American mobile phone retailer

Cellular Sales is an American wireless retailer based in Knoxville, Tennessee. It is an authorized agent for Verizon Wireless. Cellular Sales operates more than 745 retail stores across 42 states in the U.S. The company was ranked on Inc. Magazine's Inc 5000 list nine times. It is valued at more than $2 billion and projected a new store opening every three days in 2019.

== Company history ==
In the early 1990s, Cellular Sales opened a retail kiosk in a mall in Knoxville, Tennessee. Dane and Margaret Scism purchased Cellular Sales for $14,000 in 1993 using his last commission check for the assets of the company. By the end of Scism's first year as owner, the company had around 10 stores. The main cellphone store was based in Knoxville on Kingston Pike. In 1996, the company bought out one of its contract partners, Mike Collins, and added its 4th and 5th locations. Cellular Sales continued to grow through the late 1990s and early 2000s by making its original independent sales representatives partners in new territory markets it opened.

Cellular Sales marketed service on behalf of Cellular One and GTE Wireless prior to the advent of Verizon Wireless in April 2000. In 2009, the company opened 68 new stores across the country. Following its rapid growth, Cellular Sales was named to Inc. Magazine’s Inc. 5000 list of the nation’s fastest-growing companies, and was featured nine times from 2008 to 2017. The company opened its 300th store in Blount County, Tennessee in April 2010.

Cellular Sales made $488.5 million in revenue in 2010. The following year, the company opened its 400th store, in Hope Mills, North Carolina. In 2012, following a 242% growth over a 36-month period, marked by a revenue increase of $207.3 million to $708.6 million. In 2013, the company’s revenue was over $1 billion.

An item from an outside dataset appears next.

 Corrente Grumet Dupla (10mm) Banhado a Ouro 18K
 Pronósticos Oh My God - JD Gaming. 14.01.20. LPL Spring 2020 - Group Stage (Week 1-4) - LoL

In December 2015, the Cellular Sales consolidated four of its five Knoxville-area locations into one corporate headquarters. The building houses 350 of the company’s employees and includes a call center with 140 employees. In 2017, the headquarters underwent a remodel and expansion. At that time, the company was hiring 300 new employees each month, nationwide.

In August 2016, Cellular Sales expanded its presence into California with a location in Goleta, and a second California store in Fresno that same month. Its first store in Idaho opened in Coeur d'Alene in September 2016. By 2019, Cellular Sales reported that its revenue had exceeded $2 billion, while averaging a new store opening every three days.

==Philanthropy==
In 2010, Cellular Sales joined Cell Phones For Soldiers to distribute free calling cards to U.S. Soldiers overseas. Cellular Sales donated $15,000 to SOAR Youth Ministries, a nonprofit serving at-risk youth, in 2012. The company has also sponsored the annual SOAR Golf Tournament. Also in 2012, Cellular Sales offered free cell and internet service for Kentucky and Indiana storm victims. The company donated $45,000 in September of the same year to Great School Partnership to help fund programs in Knox County Schools. The donation went toward the Verizon Cellular Sales Center for Academic Excellence at West High School, a tutoring center to help students complete credits to graduate and prepare for the ACT.